Vielseitige Software
Bei der Auswahl neuer Kassensoftware achten die Händler vor allem auf die Flexibilität des Systems. Für 61% der Unternehmen ist die schnelle Anpassbarkeit der Software ein sehr wichtiges Kriterium. Für 46% ist es die Omnichannel-Fähigkeit.

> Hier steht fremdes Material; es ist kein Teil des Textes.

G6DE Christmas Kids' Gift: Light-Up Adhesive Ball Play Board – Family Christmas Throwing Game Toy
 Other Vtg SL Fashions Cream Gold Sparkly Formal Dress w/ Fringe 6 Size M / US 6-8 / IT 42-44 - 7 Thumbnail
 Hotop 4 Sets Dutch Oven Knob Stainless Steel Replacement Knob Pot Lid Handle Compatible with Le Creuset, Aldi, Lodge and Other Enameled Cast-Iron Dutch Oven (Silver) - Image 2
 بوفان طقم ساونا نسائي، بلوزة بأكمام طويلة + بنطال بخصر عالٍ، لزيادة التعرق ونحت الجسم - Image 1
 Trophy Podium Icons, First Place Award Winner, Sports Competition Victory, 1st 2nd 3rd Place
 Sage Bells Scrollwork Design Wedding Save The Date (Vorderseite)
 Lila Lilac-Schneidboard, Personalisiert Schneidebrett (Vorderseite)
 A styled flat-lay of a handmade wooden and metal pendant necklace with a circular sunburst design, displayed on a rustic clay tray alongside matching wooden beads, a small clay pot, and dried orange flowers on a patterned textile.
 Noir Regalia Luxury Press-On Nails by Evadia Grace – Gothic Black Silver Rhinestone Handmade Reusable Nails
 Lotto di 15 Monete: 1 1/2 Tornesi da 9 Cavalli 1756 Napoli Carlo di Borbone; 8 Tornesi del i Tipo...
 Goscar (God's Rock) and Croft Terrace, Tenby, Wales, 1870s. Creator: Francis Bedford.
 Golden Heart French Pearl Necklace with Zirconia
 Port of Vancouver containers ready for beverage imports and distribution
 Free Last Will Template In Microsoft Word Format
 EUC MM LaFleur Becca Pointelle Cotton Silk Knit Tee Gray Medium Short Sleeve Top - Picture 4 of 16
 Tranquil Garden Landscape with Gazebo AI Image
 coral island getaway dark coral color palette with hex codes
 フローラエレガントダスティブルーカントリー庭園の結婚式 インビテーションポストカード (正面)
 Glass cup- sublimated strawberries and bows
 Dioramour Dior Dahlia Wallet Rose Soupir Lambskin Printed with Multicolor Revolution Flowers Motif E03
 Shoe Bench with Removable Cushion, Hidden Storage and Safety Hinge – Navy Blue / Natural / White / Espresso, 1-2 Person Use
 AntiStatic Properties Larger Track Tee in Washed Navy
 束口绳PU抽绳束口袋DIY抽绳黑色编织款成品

Auch die effizientere Abwicklung unbarer Bezahlverfahren steht für die Verantwortlichen der Filial-IT auf der To-Do-Liste. In Zukunft möchten 62% der Befragten den Anteil unbarer Bezahlung weiter erhöhen. Wie die EHI-Studie zeigt, hat sich der Touchscreen als Eingabemedium über die verschiedenen Branchen hinweg etabliert. Künftig wollen alle Unternehmen Touchscreens einsetzen. 80% werden auf eine unterstützende Tastatur verzichten. 60% haben dabei 15 Zoll große Bildschirme im Einsatz, 44% sogar ganz oder teilweise multitouchfähige Bildschirme.
Mobile Hardware
Zu den großen Themen der Einzelhändler gehört die Mobile Kasse. 69% planen künftig, den Kassiervorgang auch auf mobilen Geräten abzuwickeln. Bereits heute haben 26% mobile Geräte mit Kassenfunktion im Einsatz.
Die Verbreitung von unterschiedlichen Self-Checkout- und Self-Scanning-Systemen gewinnt laut den Marktexperten von EHI in Deutschland nach Jahren etwas an Dynamik. Bereits heute haben 39% der Händler Self-Checkout oder Scanning-Systeme im Einsatz. Künftig wollen mehr als die Hälfte (51%) solche Services anbieten.
An der Umfrage haben sich 51 Handelsunternehmen aus Deutschland, Österreich und der Schweiz beteiligt. Im letzten Jahr haben diese Unternehmen in rund 62,300 Filialen einen Umsatz von rund 226 Mrd. Euro erwirtschaftet.